# Having trouble focusing with film



## tyqre (Aug 14, 2012)

I've noticed that I have trouble getting the image to be razer sharp when shooting in film. Whats the trick? I seem to be able to work the focusing aids in the mirror but I just have trouble getting it to be razer sharp. Tips would be appreciated,

Mitch.


----------



## gsgary (Aug 14, 2012)

What shutter speeds and focal length are you using, really your shutter speed needs to equal focal length eg. 100mm minimum 1/100 not set in stone if you have steady hands


----------



## tyqre (Aug 14, 2012)

gsgary said:


> What shutter speeds and focal length are you using, really your shutter speed needs to equal focal length eg. 100mm minimum 1/100 not set in stone if you have steady hands



Well I suppose that this might have been the problem... The sharper of the images I took where with the 25mm lens. The ones i look with the 135mm werent as sharp and i was in a dimly light environment so this could be the issue. But I do have pretty steady hands. Maybe the images are pretty sharp, its just me wanted too much. I was also shooting at f2.4 so maybe that contributed to the softness. Its a pentax k1000 btw.


----------



## compur (Aug 14, 2012)

Try using a tripod or other camera support.  Most unsharpness is due to camera shake.


----------



## djacobox372 (Aug 15, 2012)

Tack sharpness = shutter speed twice the focal length

OK sharpness = shutter speed > focal length 

Blurry crap = shutter speed < focal length


----------



## molested_cow (Aug 15, 2012)

What has this got to do with "film"?


----------



## gsgary (Aug 15, 2012)

developer can also make a big difference to sharpness try some Rodinal


----------



## timor (Aug 15, 2012)

With film to. Delta 100 has a opinion of being the sharpest and TMX next.


----------



## tyqre (Aug 15, 2012)

thanks for all your replies.
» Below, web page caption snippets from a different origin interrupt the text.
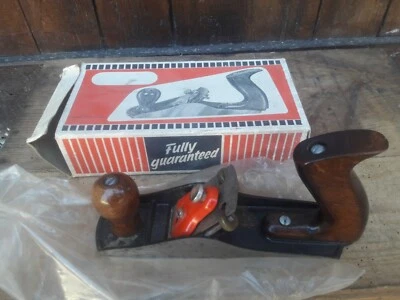 rabot ancien boite  ancien indus loft deco vintage grenier - Photo 1/2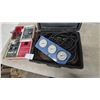 Image 5 : Heathkit Gemini II Metal Detector and Transmitter, Receiver, and Case with 3 Gauges and Hoses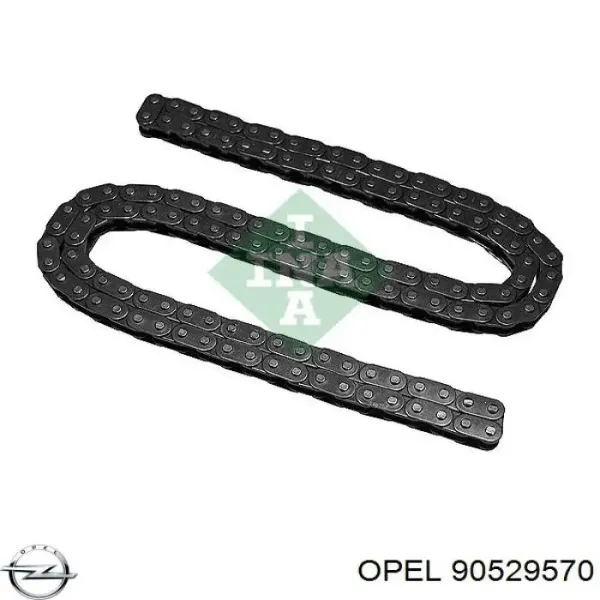 Cadena de distribución Opel Astra F69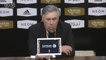 Ancelotti: "Afortunadamente el sacrificio de los jugadores sigue siendo muy alto"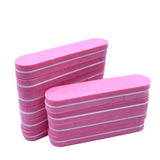 Professional nail buffer tool for salon manicure and pedicure treatments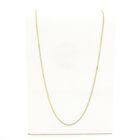 Image 3 of Long gold Venetian link chain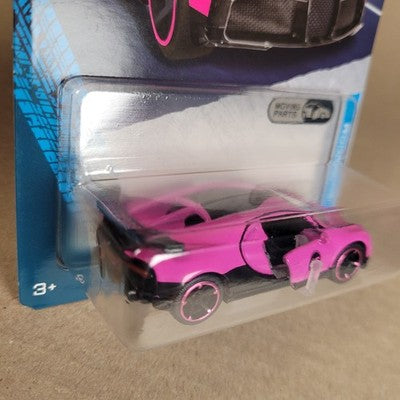 2025 Majorette Bugatti Chiron Pur Sport Pink Showroom Chase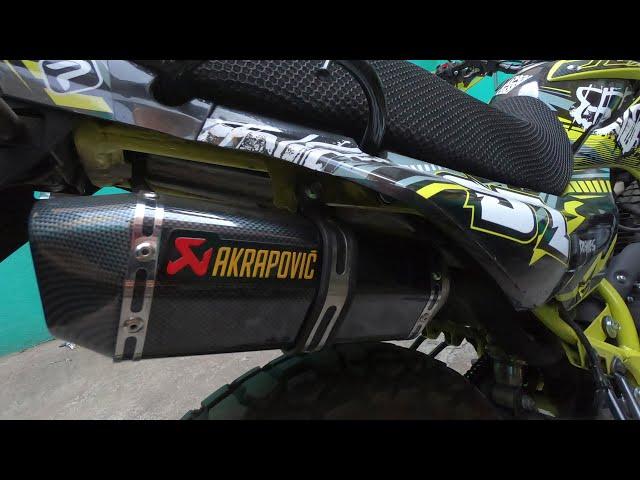 ESCAPE AKRAPOVIC A MI DM200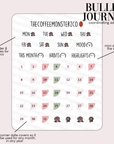 2024 Coordinating Add-ons - Bullet Journal - Part 1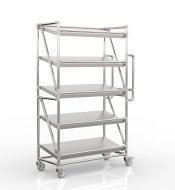 Regalwagen für Behälter SP10040 (4 Modelle) - 4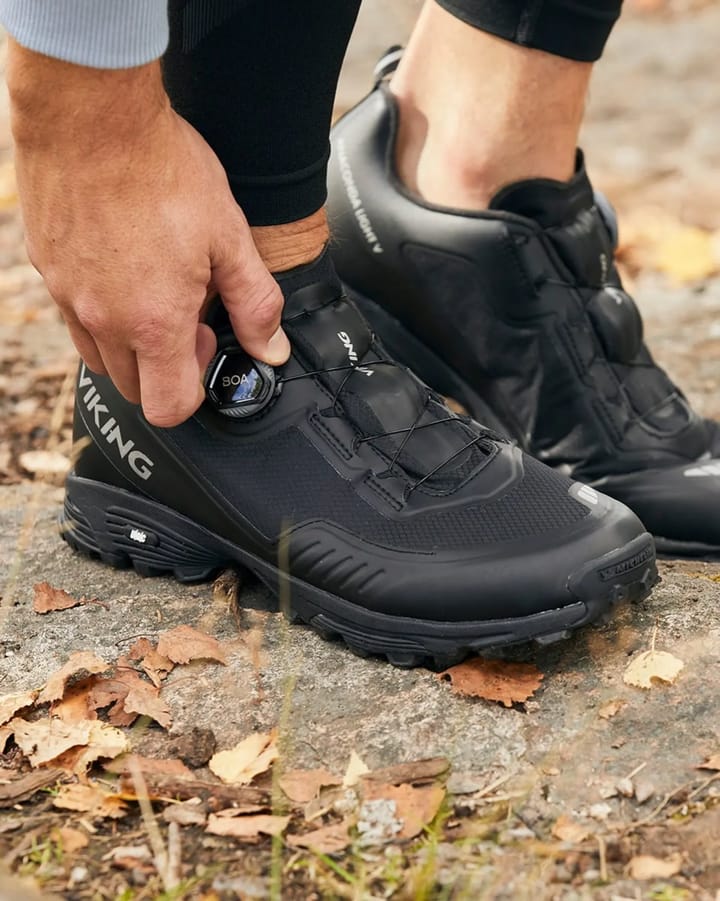 Viking Anaconda Light V Boa Gtx Black Viking Footwear Viking Anaconda Light V Boa Gtx Black Viking Footwear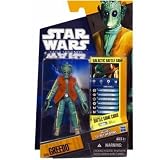 Star Wars 2010 Saga Legends Action Figure SL No. 04 Greedo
Ill take all your tips into consideration next time i shoot a roll.


----------



## bhop (Aug 21, 2012)

Maybe there's something wrong with your camera.  My K1000 is pretty sharp with all the lenses I have for it.

Pentax 50mm f/1.7



Lovely Chair by bhop, on Flickr

vivitar 80-200



Stand Together by bhop, on Flickr

tokina 28mm



Dwelling by bhop, on Flickr


----------



## tyqre (Aug 23, 2012)

I took It out on vacation with me so I'll see how it turns out.


----------



## christopher walrath (Aug 25, 2012)

Yeah, +1 on the film thing.

It all comes down to, as mentioned above, exposure settings (shutter speed and aperture), stabilization of the camera, immobility of the subject and processing procedures.  Most times you should be able to control two of the four.  Faster shutter speed than your lens' focal length will help reduce camera shake.  A smaller aperture will increase depth of focus but a wider aperture can produce great isolation of the subject as evidenced in the above photographs.  And if you do not have a tripod, then brace yourself against a tree, wall, fence post.  Take a slightly wider stance.  Breathe out before you depress the shutter button.

Just get back to basics.  Take that camera seriously and you will make more serious photographs with it.


----------